Montague's scheme is to deposit the corpse of an R.A.F. officer off the coast of Spain, still attached to a briefcase full of "invasion plan" documents - except the plans are not for the area of Italy or Sicily but for France. He reasons that the Fascist Franco regime in Spain will be very willing to allow the Nazis to read the secret papers (or copies of them). The trick is to find a corpse that will look like it died violently in battle and can fool the enemy, and that enough "details" regarding the "dead officer" can be verified by Nazi agents in Britain to make the Germans believe the corpse is genuine and not a plant.
So we watch Clifton Webb as Montague (in a rare straight dramatic part - well acted by the way) consult with specialists, including Andre Morell as the famous British Home Office pathologist Sir Bernard Spilsbury*. A good corpse is selected, and the right amount of proper personal items put into his military tunic and overcoat (including even a restaurant bill for the previous night before his death). When all is ready, the corpse is dumped off the coast of Spain by submarine.

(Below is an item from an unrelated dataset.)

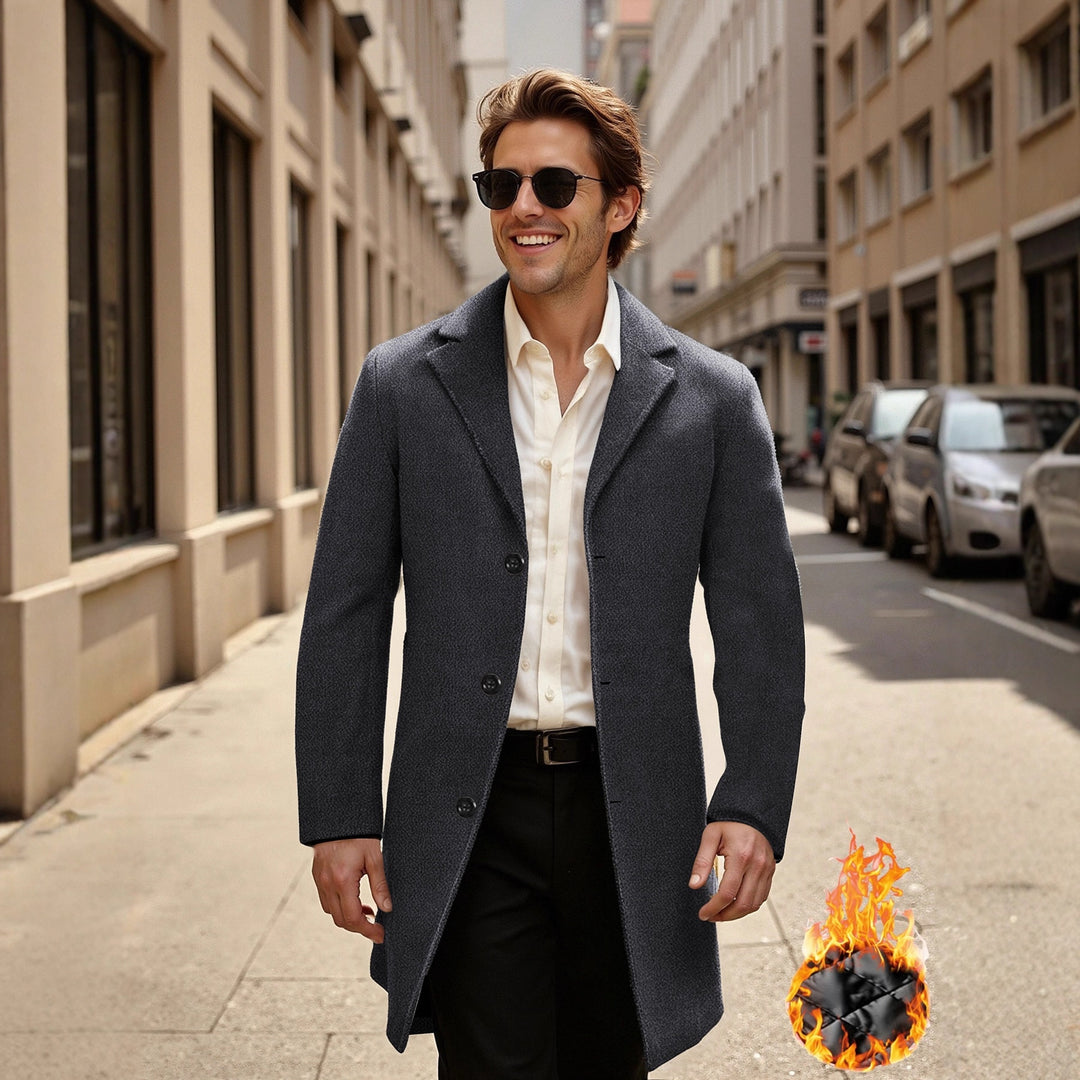 Herren eleganter und stilvoller Übercoat EB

And then Montague and British Intelligence sit back and watch what happens, crossing their fingers that the scheme works.
Stephen Boyd (three years from his performance as Messala in BEN HUR) plays an Irishman who is spying for the Nazis, and who eventually discovers that the "corpse" is the genuine article. The result is that the Nazis weakened their defenses in Sicily sufficiently to allow the Allies to show up and (despite the Patton-Montgomery rivalry) retake the island in the first major defeat the Germans had of European conquered territory. A fascinating story well told - and as I said, true despite being so improbable.
*Sir Bernard's career as the leading British Criminal trial pathologist (from the Crippen Case in 1910 to the De Antiquis Case in 1947) was never given a movie treatment. Occasionally he is mentioned, as in UPSTAIRS, DOWNSTAIRS in one episode when Edward (Christopher Beeney) is reading a newspaper in 1925 about the "Crowsborough" Murder - the trial of Norman Thorne - and feels that "Sir Bernard will see it through!" Actually, that was one of Spilsbury's most controversial cases. He does deserve a Masterpiece Theater series about his life, which ended in 1947 with his tragic suicide.
An exemplary true story
THE MAN WHO NEVER WAS is an exemplary and atypical British WW2 film that brims with suspense and insight. It's also unlike any other war movie you'll see; the film is about spies and spying, but the plot itself - the efforts to convince the Nazis of the existence of the titular figure - is thoroughly unusual and thoroughly compelling. It best reminded me of ALBERT, R.N., a film with a similarly clever premise. Like ALBERT, R.N., it's also based on a larger-than-life true story. The film has a strong ensemble cast, all of whom give very convincing performances, particularly Stephen Boyd and Gloria Grahame in the latter part of the production. Few films get me on the edge of my seat these days, but THE MAN WHO NEVER WAS was one of them.